Tissue sonicates were incubated with equal (20 μl) volumes of NADPH (4.5 μm) and methemalbumin (MHA) (50 μm/11.2 μm) for 15 min at 37°C in 2 ml of CO-purged septum-sealed vials. MHA was prepared daily by dissolving heme (9.9 mg) in 2.5 ml 0.4 m sodium phosphate and 100 mg of BSA. After addition of water to 8.0 ml, pH was gradually titrated to 7.40 with 1 m HCl. The volume was then adjusted to 10 ml to yield a stock solution of 1.5 mm.

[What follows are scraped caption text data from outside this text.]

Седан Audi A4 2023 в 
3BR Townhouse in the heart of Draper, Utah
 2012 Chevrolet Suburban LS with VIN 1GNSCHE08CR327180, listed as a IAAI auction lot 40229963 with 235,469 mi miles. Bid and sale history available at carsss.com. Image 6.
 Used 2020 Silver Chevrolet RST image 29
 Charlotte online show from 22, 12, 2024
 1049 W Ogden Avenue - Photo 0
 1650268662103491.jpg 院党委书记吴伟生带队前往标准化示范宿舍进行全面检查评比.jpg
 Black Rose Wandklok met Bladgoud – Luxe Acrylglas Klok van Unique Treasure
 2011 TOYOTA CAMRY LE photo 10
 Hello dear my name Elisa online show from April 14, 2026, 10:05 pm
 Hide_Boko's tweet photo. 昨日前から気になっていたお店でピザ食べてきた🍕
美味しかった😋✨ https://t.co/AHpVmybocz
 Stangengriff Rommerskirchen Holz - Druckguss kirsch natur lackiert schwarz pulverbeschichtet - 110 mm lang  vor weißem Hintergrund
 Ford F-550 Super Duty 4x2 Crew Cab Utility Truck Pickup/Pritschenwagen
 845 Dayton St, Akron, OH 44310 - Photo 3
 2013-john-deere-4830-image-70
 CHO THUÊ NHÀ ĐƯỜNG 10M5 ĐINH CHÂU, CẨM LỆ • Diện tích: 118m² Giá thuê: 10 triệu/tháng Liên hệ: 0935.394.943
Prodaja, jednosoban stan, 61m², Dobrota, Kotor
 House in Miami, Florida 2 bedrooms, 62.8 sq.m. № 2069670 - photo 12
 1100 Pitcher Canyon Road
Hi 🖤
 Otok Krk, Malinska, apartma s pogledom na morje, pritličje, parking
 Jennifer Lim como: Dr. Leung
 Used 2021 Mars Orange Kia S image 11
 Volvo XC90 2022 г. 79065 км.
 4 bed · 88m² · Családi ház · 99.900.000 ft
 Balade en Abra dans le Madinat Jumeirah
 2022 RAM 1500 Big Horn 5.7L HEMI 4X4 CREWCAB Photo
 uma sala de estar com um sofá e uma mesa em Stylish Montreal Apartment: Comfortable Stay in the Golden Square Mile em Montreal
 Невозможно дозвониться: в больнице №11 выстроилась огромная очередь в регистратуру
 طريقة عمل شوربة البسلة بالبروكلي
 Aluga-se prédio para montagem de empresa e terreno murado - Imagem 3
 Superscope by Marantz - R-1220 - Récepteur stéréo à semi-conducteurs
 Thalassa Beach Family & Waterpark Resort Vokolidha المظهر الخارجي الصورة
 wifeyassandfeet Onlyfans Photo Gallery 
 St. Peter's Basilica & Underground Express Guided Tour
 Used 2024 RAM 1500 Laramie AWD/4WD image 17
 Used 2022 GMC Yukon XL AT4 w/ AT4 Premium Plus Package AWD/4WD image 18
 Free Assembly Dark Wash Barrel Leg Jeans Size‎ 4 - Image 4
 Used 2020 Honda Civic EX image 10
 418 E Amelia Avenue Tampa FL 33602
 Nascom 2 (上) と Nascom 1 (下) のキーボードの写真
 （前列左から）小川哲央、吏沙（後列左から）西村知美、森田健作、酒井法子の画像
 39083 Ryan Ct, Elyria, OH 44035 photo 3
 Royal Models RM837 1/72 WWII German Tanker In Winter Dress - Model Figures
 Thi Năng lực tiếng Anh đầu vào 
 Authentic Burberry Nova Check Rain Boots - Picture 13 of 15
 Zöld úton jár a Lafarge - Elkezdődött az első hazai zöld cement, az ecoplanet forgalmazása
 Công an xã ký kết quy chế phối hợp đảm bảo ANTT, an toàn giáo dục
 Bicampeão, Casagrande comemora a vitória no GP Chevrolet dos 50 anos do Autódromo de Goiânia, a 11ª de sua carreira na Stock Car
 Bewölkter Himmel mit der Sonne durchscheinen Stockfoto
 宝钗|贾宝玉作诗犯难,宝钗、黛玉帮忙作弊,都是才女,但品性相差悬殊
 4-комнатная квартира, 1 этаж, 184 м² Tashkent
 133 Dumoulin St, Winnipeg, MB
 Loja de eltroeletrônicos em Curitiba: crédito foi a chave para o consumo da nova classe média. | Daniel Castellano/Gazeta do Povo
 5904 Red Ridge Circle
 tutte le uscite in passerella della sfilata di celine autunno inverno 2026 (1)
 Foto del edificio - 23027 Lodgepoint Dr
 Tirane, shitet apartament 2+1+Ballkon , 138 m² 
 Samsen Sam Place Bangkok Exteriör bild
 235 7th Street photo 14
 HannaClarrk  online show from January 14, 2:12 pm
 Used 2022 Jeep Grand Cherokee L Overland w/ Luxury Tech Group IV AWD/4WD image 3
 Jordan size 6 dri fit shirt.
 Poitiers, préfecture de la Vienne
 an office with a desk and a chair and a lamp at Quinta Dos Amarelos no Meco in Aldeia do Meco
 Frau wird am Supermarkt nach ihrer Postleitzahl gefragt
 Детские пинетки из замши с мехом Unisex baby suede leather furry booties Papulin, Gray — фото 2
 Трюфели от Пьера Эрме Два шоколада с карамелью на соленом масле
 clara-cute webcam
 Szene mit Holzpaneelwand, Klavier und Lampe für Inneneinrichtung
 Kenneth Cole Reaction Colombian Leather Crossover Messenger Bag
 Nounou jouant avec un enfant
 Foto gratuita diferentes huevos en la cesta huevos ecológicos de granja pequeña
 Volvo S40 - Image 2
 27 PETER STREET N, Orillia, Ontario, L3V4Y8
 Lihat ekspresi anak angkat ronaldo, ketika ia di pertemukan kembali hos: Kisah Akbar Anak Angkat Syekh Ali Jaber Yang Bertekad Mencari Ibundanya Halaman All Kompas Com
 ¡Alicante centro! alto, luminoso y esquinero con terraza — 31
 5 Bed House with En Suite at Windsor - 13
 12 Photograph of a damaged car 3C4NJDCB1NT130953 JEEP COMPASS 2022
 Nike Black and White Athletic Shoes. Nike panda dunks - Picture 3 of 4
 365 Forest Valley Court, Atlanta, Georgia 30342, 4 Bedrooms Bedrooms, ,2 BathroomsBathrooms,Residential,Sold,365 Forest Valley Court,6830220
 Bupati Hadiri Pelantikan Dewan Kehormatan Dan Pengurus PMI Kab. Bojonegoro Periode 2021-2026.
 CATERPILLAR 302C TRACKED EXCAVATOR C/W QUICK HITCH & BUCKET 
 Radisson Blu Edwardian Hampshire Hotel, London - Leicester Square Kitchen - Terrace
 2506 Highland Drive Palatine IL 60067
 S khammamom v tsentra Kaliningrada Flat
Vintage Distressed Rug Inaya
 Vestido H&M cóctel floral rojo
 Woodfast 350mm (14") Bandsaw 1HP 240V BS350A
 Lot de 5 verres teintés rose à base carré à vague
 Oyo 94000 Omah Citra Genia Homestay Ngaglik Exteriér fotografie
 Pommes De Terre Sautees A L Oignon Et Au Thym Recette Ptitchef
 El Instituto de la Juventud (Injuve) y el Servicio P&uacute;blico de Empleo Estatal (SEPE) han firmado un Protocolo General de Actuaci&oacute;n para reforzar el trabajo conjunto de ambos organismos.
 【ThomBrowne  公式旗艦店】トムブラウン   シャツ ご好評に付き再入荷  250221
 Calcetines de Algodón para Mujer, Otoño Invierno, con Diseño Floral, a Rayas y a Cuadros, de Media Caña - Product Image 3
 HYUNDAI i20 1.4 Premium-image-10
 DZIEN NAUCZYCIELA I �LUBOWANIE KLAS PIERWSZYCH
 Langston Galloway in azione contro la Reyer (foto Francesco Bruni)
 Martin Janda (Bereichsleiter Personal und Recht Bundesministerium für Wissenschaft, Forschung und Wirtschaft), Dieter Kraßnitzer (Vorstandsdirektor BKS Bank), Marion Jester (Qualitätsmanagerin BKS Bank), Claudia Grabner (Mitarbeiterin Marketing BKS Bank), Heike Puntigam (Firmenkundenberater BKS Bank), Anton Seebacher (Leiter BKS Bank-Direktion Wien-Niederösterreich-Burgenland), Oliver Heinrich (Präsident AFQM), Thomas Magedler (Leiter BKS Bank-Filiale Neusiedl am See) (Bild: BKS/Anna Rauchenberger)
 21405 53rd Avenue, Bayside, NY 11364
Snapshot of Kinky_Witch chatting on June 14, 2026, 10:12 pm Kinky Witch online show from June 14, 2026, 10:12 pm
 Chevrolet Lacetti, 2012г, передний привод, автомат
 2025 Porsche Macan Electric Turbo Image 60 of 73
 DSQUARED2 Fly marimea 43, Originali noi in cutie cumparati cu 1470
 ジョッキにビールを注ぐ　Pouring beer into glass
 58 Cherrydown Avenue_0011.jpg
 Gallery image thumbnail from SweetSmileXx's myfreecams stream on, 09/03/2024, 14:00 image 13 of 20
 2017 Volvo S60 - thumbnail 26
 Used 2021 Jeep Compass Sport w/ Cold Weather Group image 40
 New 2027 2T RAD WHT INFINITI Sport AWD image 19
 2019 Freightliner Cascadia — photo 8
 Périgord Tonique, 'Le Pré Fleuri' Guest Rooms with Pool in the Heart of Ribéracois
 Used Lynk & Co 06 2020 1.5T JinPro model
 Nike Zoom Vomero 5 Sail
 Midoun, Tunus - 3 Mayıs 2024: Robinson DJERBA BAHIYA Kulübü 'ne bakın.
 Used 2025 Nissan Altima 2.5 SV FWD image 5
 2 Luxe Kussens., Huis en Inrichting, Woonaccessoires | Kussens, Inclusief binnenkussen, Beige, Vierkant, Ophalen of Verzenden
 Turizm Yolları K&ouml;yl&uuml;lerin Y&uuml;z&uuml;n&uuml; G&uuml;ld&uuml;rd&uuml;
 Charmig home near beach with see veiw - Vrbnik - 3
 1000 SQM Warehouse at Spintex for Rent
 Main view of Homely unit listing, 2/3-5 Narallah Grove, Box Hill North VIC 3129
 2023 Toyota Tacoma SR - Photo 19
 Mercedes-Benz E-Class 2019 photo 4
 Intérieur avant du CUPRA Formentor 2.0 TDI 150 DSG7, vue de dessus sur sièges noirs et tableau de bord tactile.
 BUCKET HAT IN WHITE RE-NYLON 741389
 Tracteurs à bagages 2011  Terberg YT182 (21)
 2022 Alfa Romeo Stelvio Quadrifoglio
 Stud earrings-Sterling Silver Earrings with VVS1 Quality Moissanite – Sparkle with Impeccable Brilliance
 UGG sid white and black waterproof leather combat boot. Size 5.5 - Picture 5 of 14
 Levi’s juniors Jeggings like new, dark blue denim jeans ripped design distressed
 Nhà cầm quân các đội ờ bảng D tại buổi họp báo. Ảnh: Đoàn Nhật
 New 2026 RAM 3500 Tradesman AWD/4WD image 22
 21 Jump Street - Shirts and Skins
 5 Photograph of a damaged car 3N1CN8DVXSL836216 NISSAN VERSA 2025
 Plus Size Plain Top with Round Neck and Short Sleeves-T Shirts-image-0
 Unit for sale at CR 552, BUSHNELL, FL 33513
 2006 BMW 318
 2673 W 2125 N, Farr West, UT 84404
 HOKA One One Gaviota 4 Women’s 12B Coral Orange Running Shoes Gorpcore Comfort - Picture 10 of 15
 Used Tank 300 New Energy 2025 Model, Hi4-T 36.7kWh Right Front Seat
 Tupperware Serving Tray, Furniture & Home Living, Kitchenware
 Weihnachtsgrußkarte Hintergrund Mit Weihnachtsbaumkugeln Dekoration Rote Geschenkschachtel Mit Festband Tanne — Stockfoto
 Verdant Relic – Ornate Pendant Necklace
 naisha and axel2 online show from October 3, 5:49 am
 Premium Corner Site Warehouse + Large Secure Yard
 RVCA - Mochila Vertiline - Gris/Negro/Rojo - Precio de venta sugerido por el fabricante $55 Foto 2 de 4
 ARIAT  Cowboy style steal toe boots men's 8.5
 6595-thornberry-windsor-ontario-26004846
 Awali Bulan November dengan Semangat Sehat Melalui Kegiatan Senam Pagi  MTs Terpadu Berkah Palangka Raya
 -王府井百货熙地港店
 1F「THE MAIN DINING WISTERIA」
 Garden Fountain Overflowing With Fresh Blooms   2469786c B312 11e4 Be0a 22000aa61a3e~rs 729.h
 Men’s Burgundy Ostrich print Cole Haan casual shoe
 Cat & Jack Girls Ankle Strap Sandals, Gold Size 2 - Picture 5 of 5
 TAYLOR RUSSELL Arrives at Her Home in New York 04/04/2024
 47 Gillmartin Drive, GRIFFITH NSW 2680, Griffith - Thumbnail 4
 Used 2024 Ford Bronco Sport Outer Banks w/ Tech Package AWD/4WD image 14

A working solution of 150 μm MHA was prepared by diluting the stock MHA solution 1:10 in phosphate buffer.
The amount of CO generated in the vial headspace was determined by gas chromatography using a 60 × 0.53 cm (internal diameter) stainless-steel column packed with 5A molecular sieve, 60–80 mesh, at a temperature of 150°C and a reduction gas detector (RGA-2, Trace Analytical, Sparks, MD) operated at 270°C. HO activity was expressed as nanomoles of CO per hour per milligram of protein and picomoles of CO per hour per milligram of fresh weight.
Regional cell counting and lesion volume quantification. Cell counting (KO, n = 11; wild type, n= 9) was performed on images captured with a Nikon microscope at 20× magnification with a mounted CCD camera (SPOT-1; Diagnostic Instruments, Sterling Heights, MI). Three consecutive coronal sections, which were centered at the level of the hippocampal and thalamic structures of interest, were chosen for analysis. The number of neurons, exhibiting distinctly stained nuclei, was determined within selected regions shown previously to be vulnerable after TBI: the peritraumatic cortex (cortical area directly lateral to the injury site), hippocampal CA3, lateral dorsal thalamic nucleus, and ventroposterior medial or lateral thalamic nuclei (Igarashi et al., 2001; Sato et al., 2001). Neuronal density was expressed as the ratio of cells counted in the ipsilateral to contralateral hemisphere, with contralateral sites serving as internal controls, and then averaged for each animal.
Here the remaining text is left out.